Start of Block

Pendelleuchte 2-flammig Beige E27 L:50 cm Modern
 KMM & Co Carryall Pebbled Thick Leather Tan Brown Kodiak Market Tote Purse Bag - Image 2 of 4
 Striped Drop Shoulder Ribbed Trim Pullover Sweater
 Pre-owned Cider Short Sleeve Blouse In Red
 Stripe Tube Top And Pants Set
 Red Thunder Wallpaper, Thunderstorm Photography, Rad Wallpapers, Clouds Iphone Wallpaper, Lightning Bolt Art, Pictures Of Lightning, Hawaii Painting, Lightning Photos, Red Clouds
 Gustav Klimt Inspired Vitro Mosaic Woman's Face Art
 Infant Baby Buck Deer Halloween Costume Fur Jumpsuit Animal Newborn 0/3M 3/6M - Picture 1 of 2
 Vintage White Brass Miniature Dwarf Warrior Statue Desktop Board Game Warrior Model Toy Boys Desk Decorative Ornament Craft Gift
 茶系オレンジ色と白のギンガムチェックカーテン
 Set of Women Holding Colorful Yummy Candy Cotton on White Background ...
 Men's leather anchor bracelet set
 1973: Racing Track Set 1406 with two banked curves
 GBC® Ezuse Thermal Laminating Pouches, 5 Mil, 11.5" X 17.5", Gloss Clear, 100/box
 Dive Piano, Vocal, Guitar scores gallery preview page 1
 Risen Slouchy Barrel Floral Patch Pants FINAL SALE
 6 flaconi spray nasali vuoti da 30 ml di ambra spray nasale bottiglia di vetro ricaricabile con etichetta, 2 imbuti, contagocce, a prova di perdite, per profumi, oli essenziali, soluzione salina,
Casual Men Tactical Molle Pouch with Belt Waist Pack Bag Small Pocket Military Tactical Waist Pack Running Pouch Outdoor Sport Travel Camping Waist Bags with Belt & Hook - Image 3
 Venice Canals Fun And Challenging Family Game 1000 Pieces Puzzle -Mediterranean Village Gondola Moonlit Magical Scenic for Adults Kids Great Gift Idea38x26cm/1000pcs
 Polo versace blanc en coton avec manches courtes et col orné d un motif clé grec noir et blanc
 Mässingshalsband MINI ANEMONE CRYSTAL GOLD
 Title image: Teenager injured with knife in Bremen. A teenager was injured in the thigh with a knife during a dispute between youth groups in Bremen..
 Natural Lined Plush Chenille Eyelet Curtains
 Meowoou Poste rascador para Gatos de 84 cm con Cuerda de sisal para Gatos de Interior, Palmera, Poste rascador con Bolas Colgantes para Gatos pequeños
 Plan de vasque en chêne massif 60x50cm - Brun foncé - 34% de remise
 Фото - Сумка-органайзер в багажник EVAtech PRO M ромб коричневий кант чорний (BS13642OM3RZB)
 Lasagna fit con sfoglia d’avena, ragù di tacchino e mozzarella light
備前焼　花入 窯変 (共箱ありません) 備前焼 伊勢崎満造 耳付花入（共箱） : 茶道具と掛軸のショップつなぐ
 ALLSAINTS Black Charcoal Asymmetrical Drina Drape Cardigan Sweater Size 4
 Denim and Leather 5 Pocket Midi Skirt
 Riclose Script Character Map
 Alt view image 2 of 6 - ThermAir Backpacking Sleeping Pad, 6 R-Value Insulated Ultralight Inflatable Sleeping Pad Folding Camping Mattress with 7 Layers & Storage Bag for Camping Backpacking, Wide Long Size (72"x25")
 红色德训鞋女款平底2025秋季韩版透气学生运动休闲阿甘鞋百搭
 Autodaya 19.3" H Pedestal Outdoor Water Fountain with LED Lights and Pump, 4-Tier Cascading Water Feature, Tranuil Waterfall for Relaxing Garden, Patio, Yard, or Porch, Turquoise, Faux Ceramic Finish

End of Block

*Assignment:*
Beginning at the line with "Title image: Teenager" and stopping after the line with "Natural Lined Plush Chenille Eyelet Curtains", please write out every line of the data above exactly and nothing else.

*Expected output:*
 Title image: Teenager injured with knife in Bremen. A teenager was injured in the thigh with a knife during a dispute between youth groups in Bremen..
 Natural Lined Plush Chenille Eyelet Curtains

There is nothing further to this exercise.